(Scraped caption text data)
-- -- --
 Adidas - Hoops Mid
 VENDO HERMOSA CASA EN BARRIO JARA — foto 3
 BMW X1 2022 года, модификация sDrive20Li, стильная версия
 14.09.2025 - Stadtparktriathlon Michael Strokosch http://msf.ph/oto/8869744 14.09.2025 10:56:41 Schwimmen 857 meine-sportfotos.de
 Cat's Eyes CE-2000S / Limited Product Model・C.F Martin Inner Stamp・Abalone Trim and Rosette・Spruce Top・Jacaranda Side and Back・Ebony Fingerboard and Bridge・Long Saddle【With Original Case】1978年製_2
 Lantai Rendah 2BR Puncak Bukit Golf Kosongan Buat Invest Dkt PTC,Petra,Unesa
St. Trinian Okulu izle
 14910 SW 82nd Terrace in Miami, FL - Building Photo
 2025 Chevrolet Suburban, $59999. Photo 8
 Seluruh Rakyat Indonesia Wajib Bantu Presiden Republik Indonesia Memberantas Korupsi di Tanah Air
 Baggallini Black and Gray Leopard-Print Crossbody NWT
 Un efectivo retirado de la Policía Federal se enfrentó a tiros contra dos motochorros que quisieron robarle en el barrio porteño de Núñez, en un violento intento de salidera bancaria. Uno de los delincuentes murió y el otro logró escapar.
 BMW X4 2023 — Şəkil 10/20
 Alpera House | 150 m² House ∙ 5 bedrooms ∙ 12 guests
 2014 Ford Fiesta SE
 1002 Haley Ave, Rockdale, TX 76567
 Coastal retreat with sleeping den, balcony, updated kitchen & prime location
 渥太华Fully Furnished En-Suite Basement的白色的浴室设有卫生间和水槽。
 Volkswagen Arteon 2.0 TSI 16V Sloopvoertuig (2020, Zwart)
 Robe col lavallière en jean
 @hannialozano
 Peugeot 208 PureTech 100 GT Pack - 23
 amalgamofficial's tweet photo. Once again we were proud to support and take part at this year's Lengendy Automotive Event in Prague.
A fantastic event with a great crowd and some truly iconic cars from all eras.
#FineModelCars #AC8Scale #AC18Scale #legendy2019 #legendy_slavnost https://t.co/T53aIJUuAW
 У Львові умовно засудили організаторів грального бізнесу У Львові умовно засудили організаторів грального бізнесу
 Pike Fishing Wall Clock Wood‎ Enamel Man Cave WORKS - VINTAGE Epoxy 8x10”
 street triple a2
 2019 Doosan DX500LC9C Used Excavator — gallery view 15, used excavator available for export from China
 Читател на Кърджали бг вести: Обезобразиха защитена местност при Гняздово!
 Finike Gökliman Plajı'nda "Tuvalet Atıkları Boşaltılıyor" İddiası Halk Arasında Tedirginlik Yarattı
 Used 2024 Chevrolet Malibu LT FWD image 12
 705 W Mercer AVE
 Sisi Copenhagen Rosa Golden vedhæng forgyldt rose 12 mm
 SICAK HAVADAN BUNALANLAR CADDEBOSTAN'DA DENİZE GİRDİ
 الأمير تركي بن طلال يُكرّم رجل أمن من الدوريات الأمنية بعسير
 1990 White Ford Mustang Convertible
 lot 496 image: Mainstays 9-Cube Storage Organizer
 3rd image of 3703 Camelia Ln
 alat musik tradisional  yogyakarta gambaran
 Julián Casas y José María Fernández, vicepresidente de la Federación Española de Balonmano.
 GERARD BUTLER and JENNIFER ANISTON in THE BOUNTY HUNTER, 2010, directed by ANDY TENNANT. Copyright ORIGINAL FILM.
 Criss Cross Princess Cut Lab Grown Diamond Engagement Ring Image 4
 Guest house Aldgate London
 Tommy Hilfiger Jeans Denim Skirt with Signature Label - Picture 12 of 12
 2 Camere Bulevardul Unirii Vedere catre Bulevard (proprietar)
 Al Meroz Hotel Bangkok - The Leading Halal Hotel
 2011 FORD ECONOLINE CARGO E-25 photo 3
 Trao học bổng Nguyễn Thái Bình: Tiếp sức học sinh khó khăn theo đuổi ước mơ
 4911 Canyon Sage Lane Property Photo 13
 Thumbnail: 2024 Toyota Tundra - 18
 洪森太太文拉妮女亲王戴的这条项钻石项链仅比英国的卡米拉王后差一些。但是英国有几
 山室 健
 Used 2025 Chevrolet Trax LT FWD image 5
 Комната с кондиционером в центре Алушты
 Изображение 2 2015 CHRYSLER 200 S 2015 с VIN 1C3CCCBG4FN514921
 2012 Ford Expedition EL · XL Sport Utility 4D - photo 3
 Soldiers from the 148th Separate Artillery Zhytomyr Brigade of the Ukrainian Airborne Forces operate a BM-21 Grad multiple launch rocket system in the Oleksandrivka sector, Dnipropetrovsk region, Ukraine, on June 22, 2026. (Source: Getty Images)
-- -- --
- _YOUR GOAL_
Print again the lines of the entries above that fall between the line holding "Robe col lavallière en jean" and the line holding "Finike Gökliman Plajı'nda", inclusive, exactly as they stand.

- _EXERCISE RESULT_
 Robe col lavallière en jean
 @hannialozano
 Peugeot 208 PureTech 100 GT Pack - 23
 amalgamofficial's tweet photo. Once again we were proud to support and take part at this year's Lengendy Automotive Event in Prague.
A fantastic event with a great crowd and some truly iconic cars from all eras.
#FineModelCars #AC8Scale #AC18Scale #legendy2019 #legendy_slavnost https://t.co/T53aIJUuAW
 У Львові умовно засудили організаторів грального бізнесу У Львові умовно засудили організаторів грального бізнесу
 Pike Fishing Wall Clock Wood‎ Enamel Man Cave WORKS - VINTAGE Epoxy 8x10”
 street triple a2
 2019 Doosan DX500LC9C Used Excavator — gallery view 15, used excavator available for export from China
 Читател на Кърджали бг вести: Обезобразиха защитена местност при Гняздово!
 Finike Gökliman Plajı'nda "Tuvalet Atıkları Boşaltılıyor" İddiası Halk Arasında Tedirginlik Yarattı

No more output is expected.